A chest X-ray was done initially, which revealed a well-defined radio-opaque lesion with irregular calcifications in the right lung field at the upper-thoracic level ([Fig. 1]). A computed tomography (CT) of the chest showed a solid mass extending from the T5 to T7 vertebral levels in the right paravertebral region with involvement of the apicoposterior segment of the right lung ([Fig. 2]). There was evidence of bone destruction as well as intralesional matrix mineralization. Magnetic resonance imaging (MRI) of the thoracic spine revealed a 11 cm (anteroposterior) × 10 cm (craniocaudal) × 9 cm (transverse) heterogeneously enhancing, partially calcified, T2 hyperintense lesion, which appeared to arise from the right T5 costovertebral junction. The paravertebral lesion extended from the T5 to T7 vertebrae levels, involving the intervertebral foramen of T5 but with no cord compression ([Fig. 3]). A whole-body positron emission tomography CT scan revealed no additional findings.
A right posterolateral approach was used to reach the lesion, removing the posterior and medial ends of the 5th and 6th ribs ([Fig. 4]). A pearlescent, white, encapsulated lesion was seen. The primary strategy involved extrapleural microsurgical excision of the lesion. Intraoperatively, the lesion was observed to be centered at the right T5 costovertebral junction, with a small intraspinal extension. The thoracic component was initially excised, followed by careful resection of the intraspinal-extradural component by tracing the tumor mass. Notably, the inferior vena cava was displaced anteriorly and medially. By maintaining a strict dissection plane just outside the capsule of the lesion, the major vessel was safely mobilized, thereby allowing for a safe excision of the lesion. The pleura was breached during the dissection of the tumor capsule, which was adherent to it ([Fig. 5]).
Histopathological examination revealed vacuolated tumor cells embedded within a chondroid matrix, arranged in irregular lobules and infiltrating the normal bony trabeculae. The histologic findings were consistent with a diagnosis of grade 2 chondrosarcoma ([Fig. 6]).

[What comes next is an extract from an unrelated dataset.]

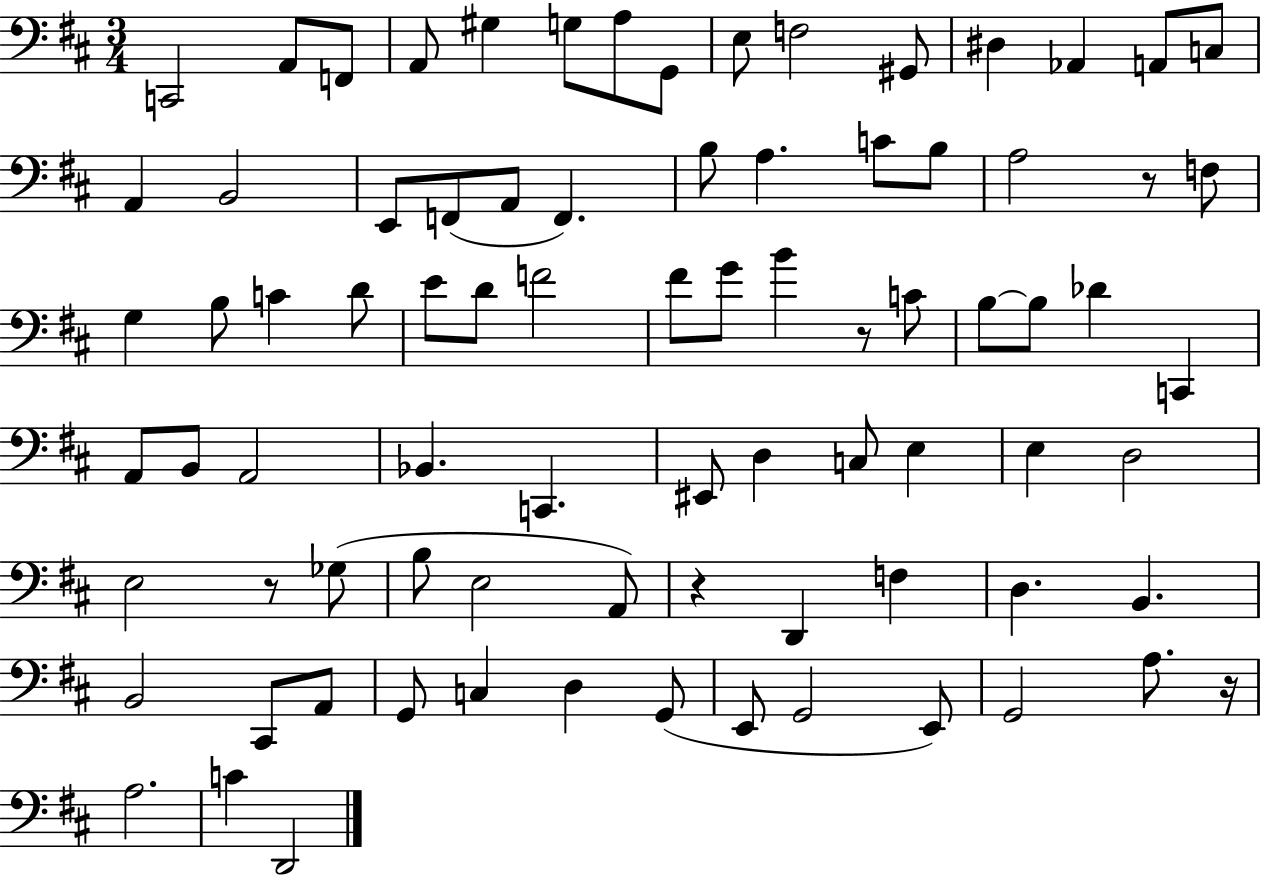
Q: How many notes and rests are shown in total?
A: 82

Postoperatively, the patient did well and was free of her preoperative symptoms. However, she needed prolonged placement of an intercostal drainage tube. A routine postoperative CT scan confirmed radical excision of the tumor. Chest and limb physiotherapy were continued until the patient was discharged on the eighth postoperative day. Following the surgery, she did not receive adjuvant chemotherapy or radiotherapy. The patient was last seen for a follow-up by the senior author 3 months after the procedure. Her CT scan showed no signs of recurrence ([Fig. 7]). She is currently doing well, has no complaints, and is on regular follow-up.
Discussion
The paraspinal region is a loosely defined anatomic zone extending between the parietal fascia ventrally and the paraspinal muscle aponeurosis laterally.[9] Benign neurogenic tumors, such as schwannoma, followed by neurofibroma, ganglioneuroma, and paraganglioma, are the most common neoplasms in this region.[10] The occurrence of a malignant chondrogenic neoplasm in this location is exceedingly rare.[2]

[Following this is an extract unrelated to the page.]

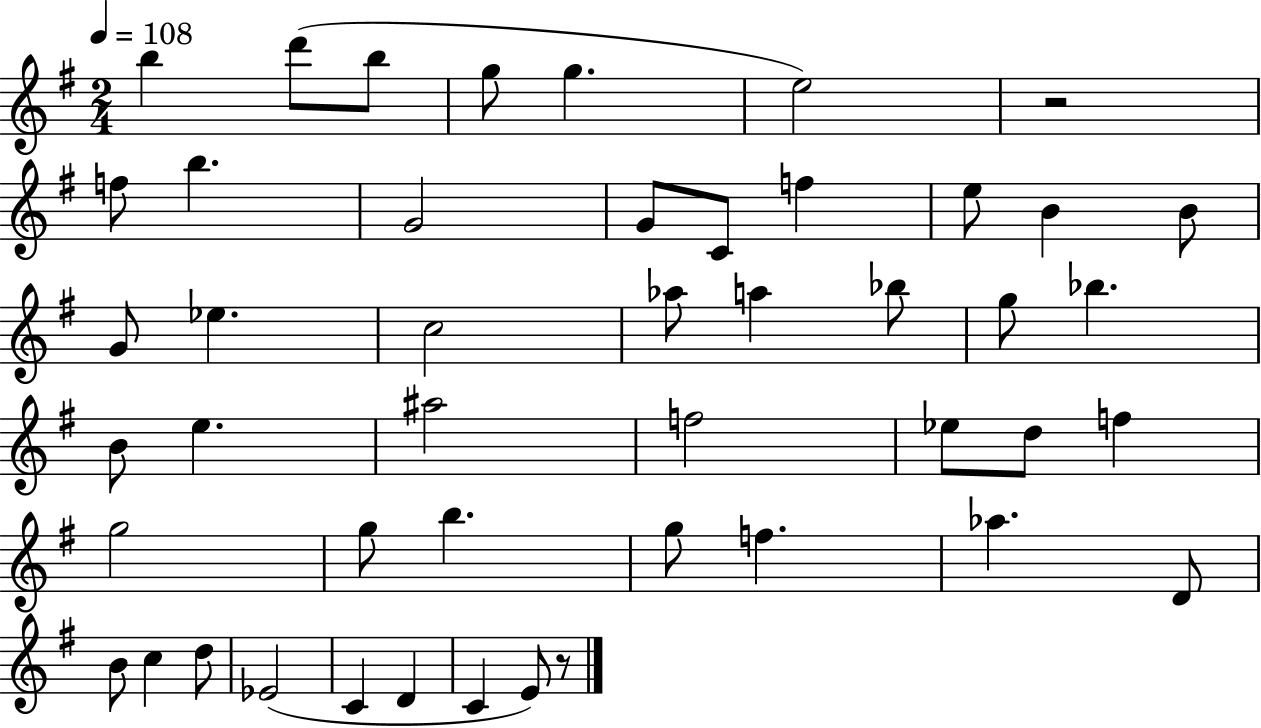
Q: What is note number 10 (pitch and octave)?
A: G4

Chondrosarcoma is a malignant cartilage-forming neoplasm that primarily affects the bones of the pelvis and appendicular skeleton.[6] [7] They may arise spontaneously or through malignant transformation of a benign lesion, such as an osteochondroma or enchondroma.[11] Thoracic chondrosarcomas usually occur in males around the sixth decade of life.[1] The majority of patients present with localized pain and palpable mass in the anterior chest wall.[6] [7] [8] Our patient was a female in the fourth decade of life presenting with a giant nonpalpable paraspinal lesion arising from the posterior costovertebral junction of the fifth thoracic vertebra.
Paraspinal sarcomatous tumors tend to grow to extremely large sizes and present late with nonspecific symptoms.[12] Unlike the hypaxial muscles of the cervical and lumbar regions, the thoracic spine lacks paraspinal muscles anterior to the transverse process.[9] This facilitates the gradual inward growth of these tumors into the thoracic cavity,[5] as was observed in our case. Bodin et al reported a similar but palpable giant-sized costovertebral chondrosarcoma measuring 300 mm.[3]
Popcorn-like “arcs and rings” pattern of calcifications with bony destruction and soft-tissue invasion, as present in our case ([Fig. 2]), are hallmark features of chondrosarcoma on CT imaging.[13] MRI aids in delineating the extraosseous extent of the lesion and assists in preoperative planning. Nuclear imaging helps rule out extrapulmonary metastasis.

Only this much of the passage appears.